Hay, sin embargo, una cuestión que me parece importante señalar. El propio título ya contiene una tesis: Europa está en declive. Y aunque el recorrido histórico permite comprender mejor cómo se construyó el poder europeo y cuáles son hoy sus debilidades, el marco interpretativo de "ascenso y decadencia" puede resultar en algunos momentos demasiado cerrado. Europa ya no es el centro del mundo, pero tampoco es una civilización irrelevante ni una potencia completamente acabada. Sigue teniendo una enorme capacidad económica, científica, cultural y normativa.

Precisamente por eso, creo que lo más interesante del libro no está tanto en decidir si debemos aceptar o rechazar la palabra "decadencia", sino en utilizarla como provocación para hacernos una pregunta bastante más útil ¿qué quiere ser Europa ahora que ya no puede dar por hecho que será lo que siempre fue? Ya que el verdadero problema europeo no es haber perdido un imperio,  esseguir comportándonos, en algunos aspectos, como si todavía lo tuviéramos.

La reina sin imperio consigue que la historia deje de parecer algo que ocurrió hace siglos y se convierte en una herramienta para leer el presente. Grecia, Roma, los imperios europeos, las guerras mundiales, la Guerra Fría y la construcción de la Unión Europea no aparecen solamente como capítulos de una cronología, sino como distintas maneras de organizar el poder y de responder a una misma pregunta: quién decide.

El libro obliga a mirar de frente una contradicción que Europa lleva años intentando esquivar. Queremos autonomía, pero dependemos de otros para nuestra seguridad, queremos soberanía tecnológica, pero buena parte de las grandes plataformas y tecnologías estratégicas proceden de fuera, queremos independencia energética, pero durante décadas construimos una economía profundamente dependiente de recursos externos, queremos actuar como una potencia global, pero seguimos teniendo dificultades para ponernos de acuerdo sobre qué intereses queremos defender conjuntamente. Eso no significa que el futuro esté escrito. Y es en este punto donde el título resulta más sugerente que su propia conclusión; una reina sin imperio sigue siendo una reina. La cuestión es qué hace con las piezas que todavía tiene.

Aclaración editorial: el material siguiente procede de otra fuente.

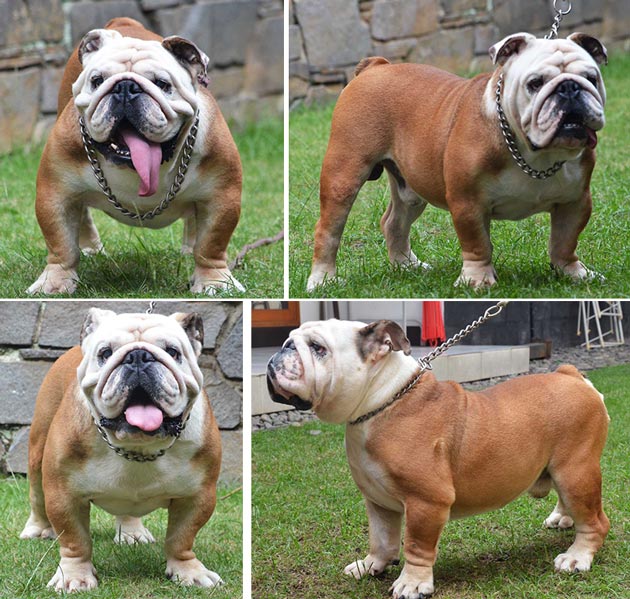 Pejantan Bulldog : High Lord Gladiator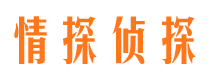 齐河调查公司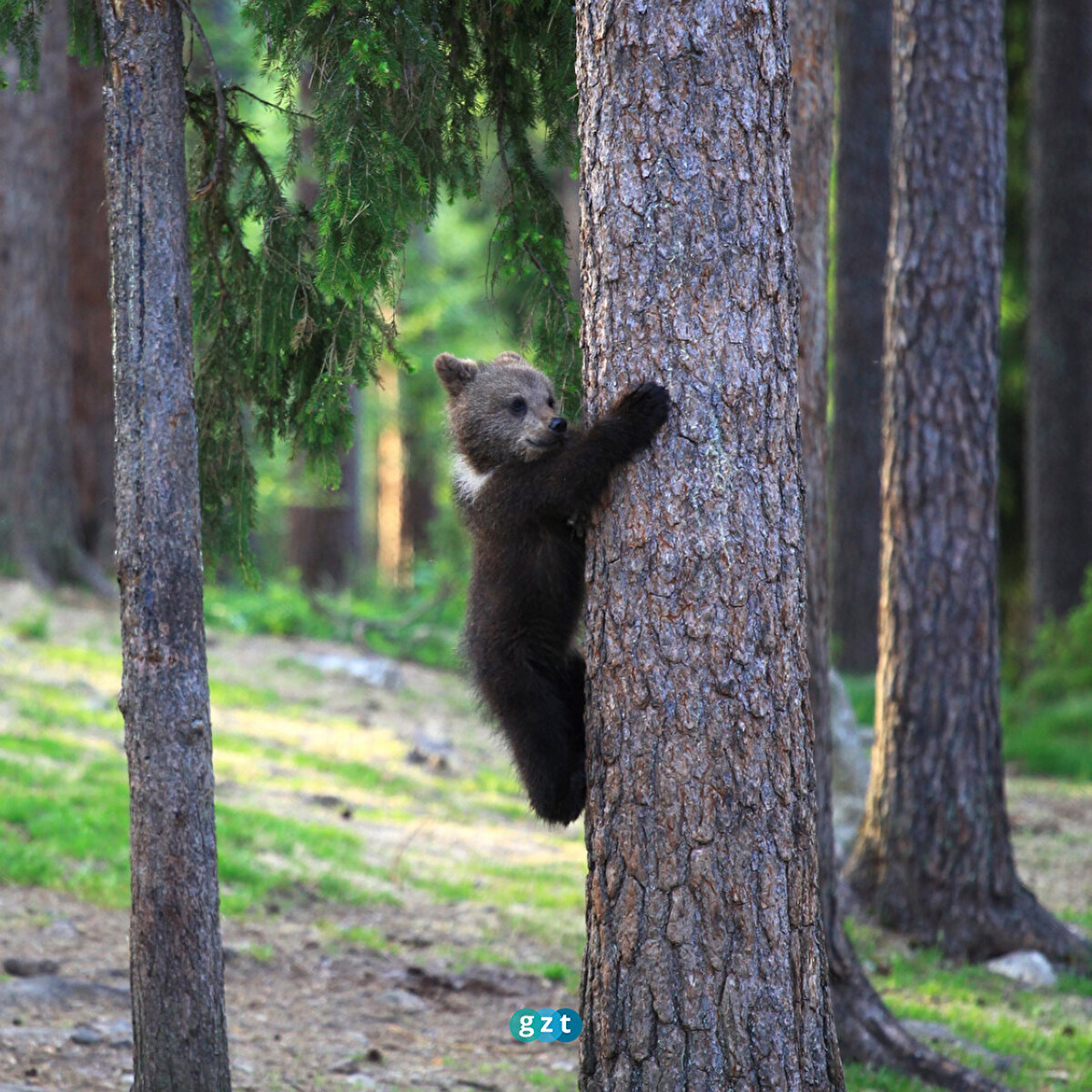 Oyun zamanı 😁🧸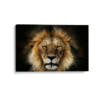 Mirada de Leon-Matthew Stephenson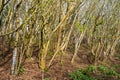 Local forestry planting of hundreds of European Hornbeam trees very close together to form a thick copse on both sides of a path t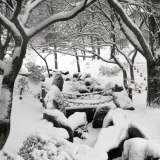 【No.145】　大雪は楽しい！　戸山公園周辺にて　（1）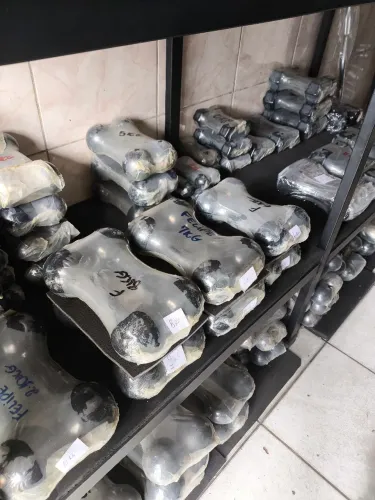 Halter de todos os pesos 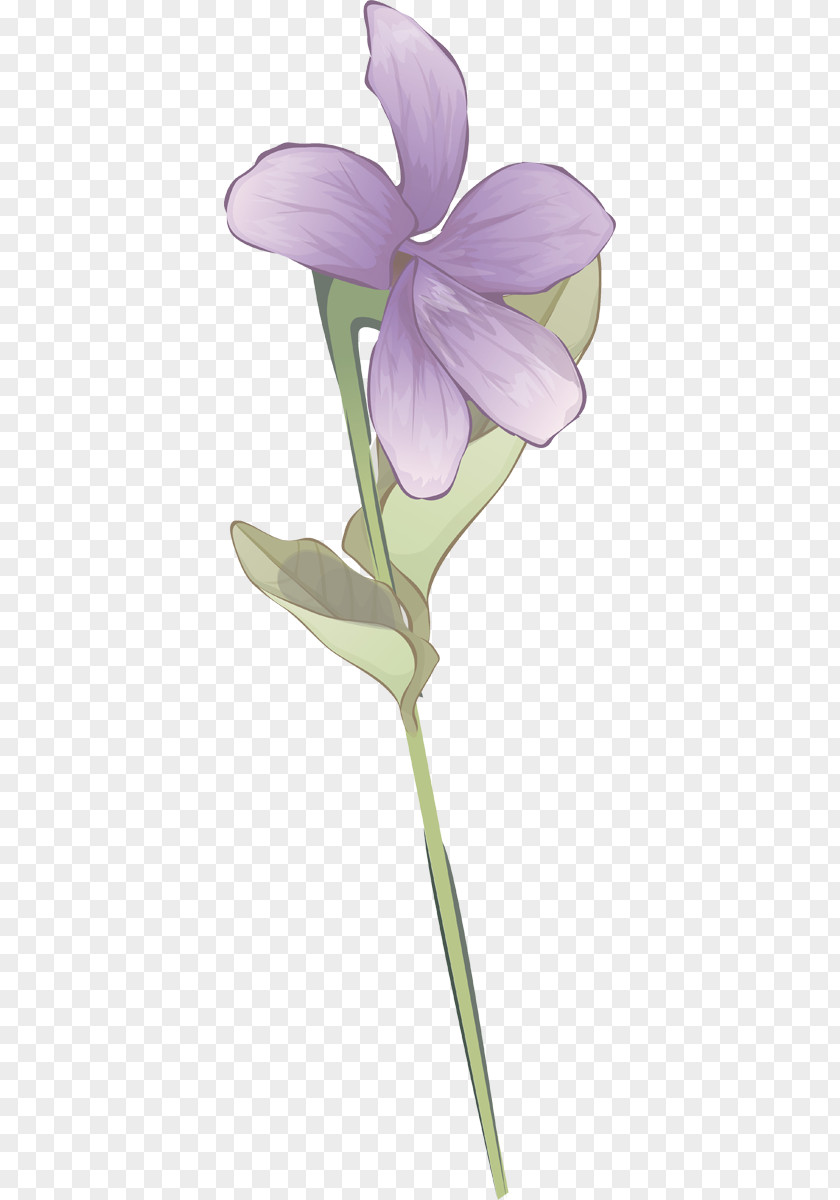 Violet Plant Stem Herbaceous Family PNG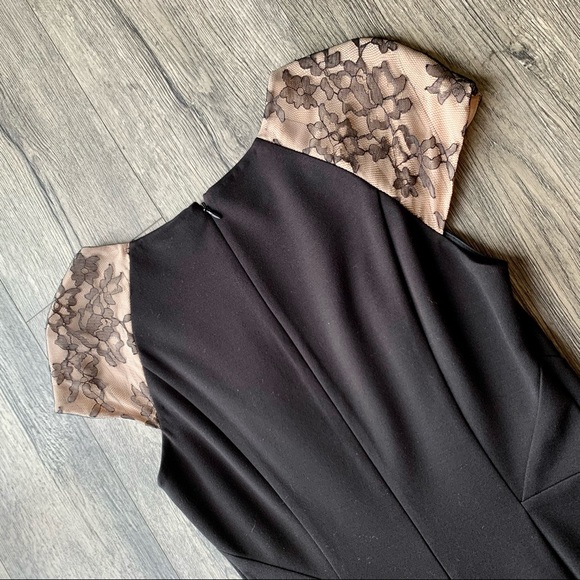 NWT Erin by Erin Fetherston Lace Cap Sleeve Sheath Dress - Picture 12 of 15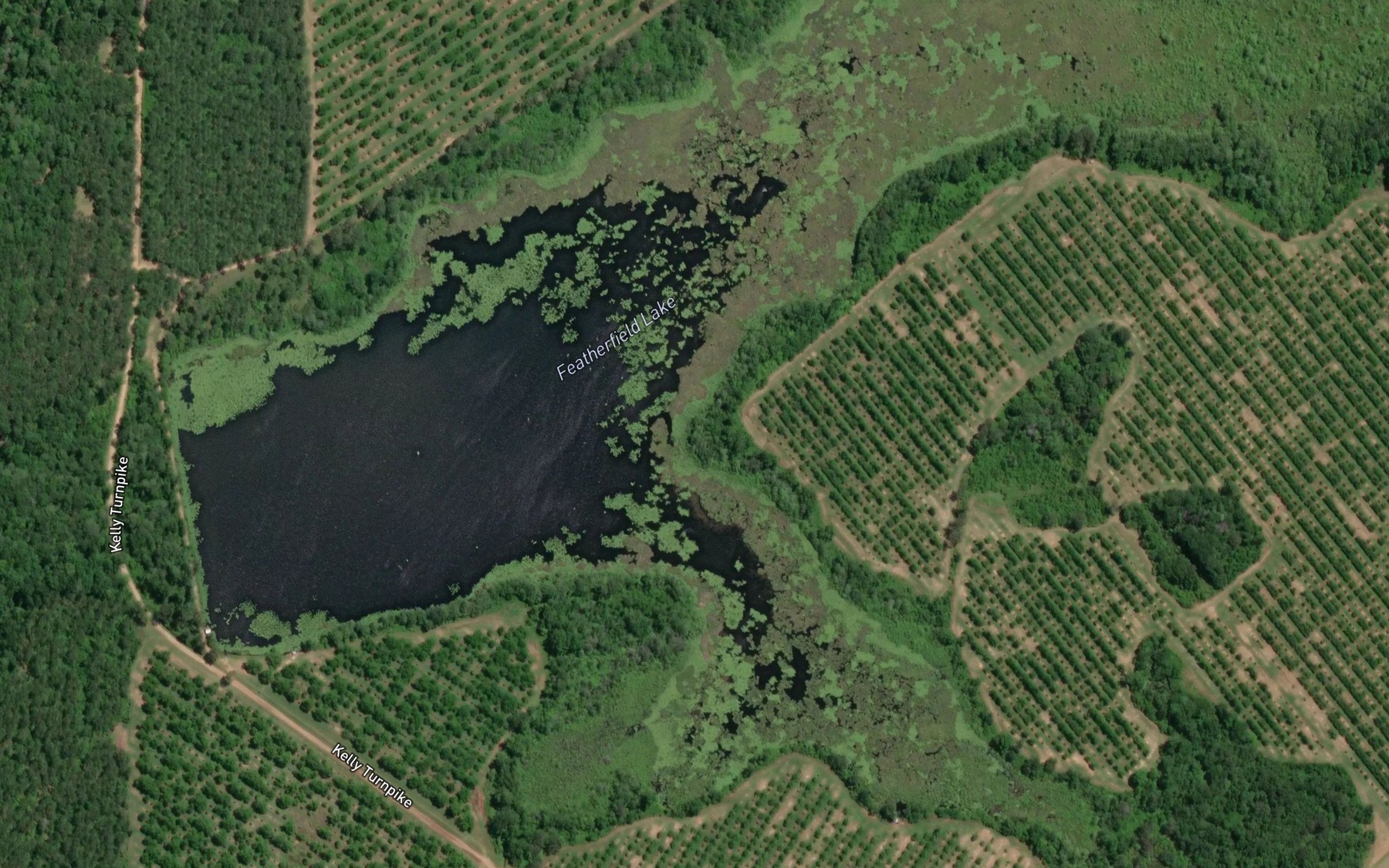 Satellite map of the Featherfield Lake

La reina sin imperio es, por tanto, un ensayo ambicioso, documentado y deliberadamente incómodo. Puede resultar discutible en algunas de sus interpretaciones y su diagnóstico de la decadencia europea invita al debate, precisamente porque no es una tesis neutra. Pero quizá tampoco pretende serlo. Y agradezco, personalmente, que un ensayo histórico y geopolítico tenga una tesis que pueda discutirse. Porque si algo necesita Europa ahora mismo, además de muchas cosas bastante menos literarias, es precisamente volver a discutir qué quiere ser.

Recomendado para...

Lectores que estén interesados en historia europea, geopolítica y relaciones internacionales, especialmente si disfrutaron de El eje del mundo que viene, de Juan Luis López Aranguren, o de ensayos sobre el nuevo equilibrio entre Estados Unidos, China, Rusia y Europa. También puede interesar a quienes busquen una mirada histórica amplia sobre la construcción y transformación del poder europeo.

El veredicto de Halford

A mí eso de que Europa fue una gran potencia y ahora está un poco perdida me parece bastante humano. Uno empieza creyéndose el rey del barrio y acaba preguntándole al vecino si puede dejarle el cargador. El libro es largo, pero reconozco que tiene mérito intentar explicar dos mil años de historia sin que se te caiga ninguna civilización encima. Eso sí, después de 560 páginas, espero que Europa tenga claro qué quiere ser, porque yo ya tengo bastante decidido dónde quiero vivir. 

Y ahora tú...

¿Crees que Europa está realmente en decadencia o simplemente está atravesando el incómodo proceso de aprender a vivir en un mundo en el que ya no ocupa el centro?